Yes. As someone who grew in Russia, if I’d talk freely and casually about politics in the way we do here, with Americans IRL nearby, I’d probably be literally lynched regardless of those being majority Democrat or majority Republican minded, and if those Americans were sufficiently inattentive, even by a mixed crowd. Things associated with freedom and dignity and just human treatment of each other here are associated with fascism there, and the other way around. And it’s very counterintuitive. And also honestly Americans and continental Europeans (but not Brits) generally feel more like peasants with pitchforks than like Russians, in every political-minded discussion. It really feels that they’d be perfectly fine with everyone disagreeing being relocated six feet under, and the purpose of the discussion is usually to let you atone and ask for mercy. Despite all the stereotypes about Russians, this is not the case here, you might get insults, but not that heavy unwillingness to accept your side’s existence.
Though that was 10 years ago, now in the Russian-language space there’s much wariness of propaganda and legal problems for speech and so on, so people speak less freely, while a loud minority of bootlickers likely outside Russia repeat some combination of American points, more similar to a Republican set, but at the same time certain they’d be loved by Democrats.
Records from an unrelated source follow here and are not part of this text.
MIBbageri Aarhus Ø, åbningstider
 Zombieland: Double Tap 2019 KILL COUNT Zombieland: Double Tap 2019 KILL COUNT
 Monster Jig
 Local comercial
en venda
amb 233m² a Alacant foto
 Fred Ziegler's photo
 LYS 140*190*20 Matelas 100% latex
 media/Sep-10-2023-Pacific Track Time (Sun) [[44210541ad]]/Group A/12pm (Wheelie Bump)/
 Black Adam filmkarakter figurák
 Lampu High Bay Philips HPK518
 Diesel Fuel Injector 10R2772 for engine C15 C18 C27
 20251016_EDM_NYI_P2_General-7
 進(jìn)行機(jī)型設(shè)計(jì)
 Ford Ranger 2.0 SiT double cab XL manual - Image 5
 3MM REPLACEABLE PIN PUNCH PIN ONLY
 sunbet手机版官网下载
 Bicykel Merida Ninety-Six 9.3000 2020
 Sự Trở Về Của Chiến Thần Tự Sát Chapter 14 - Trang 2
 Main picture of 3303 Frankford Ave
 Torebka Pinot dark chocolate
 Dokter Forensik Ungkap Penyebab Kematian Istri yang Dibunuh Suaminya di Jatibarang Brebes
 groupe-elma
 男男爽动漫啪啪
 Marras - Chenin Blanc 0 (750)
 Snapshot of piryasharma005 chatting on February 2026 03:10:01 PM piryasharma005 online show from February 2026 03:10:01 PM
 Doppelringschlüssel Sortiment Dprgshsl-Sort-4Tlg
It’s weird.
grue@lemmy.world 8 months ago
What about Spain and Portugal?
dreadbeef@lemmy.dbzer0.com 8 months ago
Exceptions that prove the rule
grue@lemmy.world 8 months ago
Are they exceptions?
(I didn’t mean for that to be read as a leading question, BTW. I wasn’t necessarily expecting Spain or Portugal to be different from Britain and France; I just asked about them because they were the other major colonial powers but weren’t mentioned.)
Saleh@feddit.org 8 months ago
Somewhat better but not great. In Spain there seems to be a strong regional divide as well. Northern Spain is having a lot of racism too. Southern Spain has its problems too, but it seems to be less strong and is quite absurd as people look more like Arabs than like White Europeans.
ICastFist@programming.dev 8 months ago
My passing understanding is that they’d really prefer if the people from their former colonies remained an ocean or two away. Portugal recently passed a new law that made it harder for immigrants (the vast majority are Brazilians) to get a worker visa and full citizenship
General_Effort@lemmy.world 8 months ago
In short: IDK.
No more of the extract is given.